Cet ouvrage veut y contribuer dans la foulée de celui qui l’a précédé il y a deux ans (Favreau et Fréchette, 2019). Toutes les pratiques, souvent nommées « bonnes pratiques », bien qu’elles soient bonnes, ne se valent pas toutes. D’abord, il n’y a pas de « bonnes pratiques » sans fond d’analyse ni vision d’avenir. Il n’y a pas non plus de fond d’analyse sans étude du rapport de forces en présence. Et pas de vision d’avenir sans prendre en compte la place des mouvements sociaux porteurs dans nos pratiques. Les « bonnes pratiques » ne se valent pas toutes, certaines ont plus de portée que d’autres, notamment celles qui croisent l’écologie, l’économie, les finalités sociales et la finance solidaire. C’est ce qui nous faisait dire au moment de l’élaboration de notre plan de développement 2020-2025 :
Nous ne pensons pas seulement notre développement un projet à la fois et une année à la fois.
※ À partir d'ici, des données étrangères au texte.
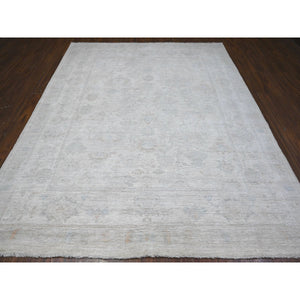 8'3"x9'9" Pacific Pearl White, Soft Wool Weft, Faded Afghan Angora Oushak, Hand Knotted, Vegetable Dyes With Village All Over Floral Design, Oriental Rug FWR537306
Nous avons à le situer dans un ensemble plus large et sur un horizon d’au moins cinq ans ou même une décennie : que deviendra le Fonds Solidarité Sud dans le monde qui vient et dans le Québec de la solidarité internationale de proximité à venir ? Qu’avons-nous à apporter de neuf et d’essentiel ? Quelles seront nos priorités et quel impact ces priorités auront-elles dans leur mise en œuvre ? Comment allons-nous nous préparer à faire face à cette nouvelle décennie qui sera bien loin d’être un fleuve tranquille ? Ce sont parmi d’autres des questions que posaient notre panel à la fin de notre rencontre anniversaire d’octobre 2019 et celle qui a suivi.
Louis Favreau
Ouvrage coédité par le Fonds Solidarité Sud et la Chaire de recherche en développement des collectivités (CRDC- UQO)
Table des matières
Le Fonds Solidarité Sud : histoire, parcours et perspective
Préface de Gérald Larose
Avant-propos
Chapitres
- Solidarité internationale : architectes du développement ou pompiers de service ?
- La décennie qui vient : dans quel monde vivrons-nous ?
- Le Fonds Solidarité Sud : le parcours d’une organisation québécoise de solidarité internationale
- Le Fonds Solidarité Sud: une fondation d’économie sociale et solidaire
- Le Fonds Solidarité Sud: notre première décennie
- Le Fonds Solidarité Sud: les initiatives de la prochaine décennie
- Pourquoi le Fonds s’engage dans l’agroécologie
- Pourquoi le Fonds s’engage dans l’accès à l’énergie
- Pourquoi le Fonds s’engage dans l’accès au crédit
- Appel aux OCI à s’engager dans le soutien aux assises économiques des communautés
Conclusion : « Non le mouvement pour l’égalité n’est pas près de s’arrêter! »
Postface d’André Beaudoin
* Lettre ouverte à celles et ceux qui veulent rendre leur argent intelligent et socialement utile
L’auteur
Docteur en sociologie, spécialiste du développement des communautés et des économies de proximité, Louis Favreau est professeur émérite de l’Université du Québec en Outaouais (UQO), titulaire d’une chaire de recherche en développement des collectivités (CRDC) et auteur de plusieurs ouvrages sur la transition écologique de l’économie, les mouvements sociaux et la solidarité internationale.
Avant d’être professeur, il a travaillé pendant 20 ans comme intervenant communautaire à Montréal et a cofondé le Centre de formation populaire. Il est cofondateur et président du Fonds Solidarité Sud depuis 10 ans.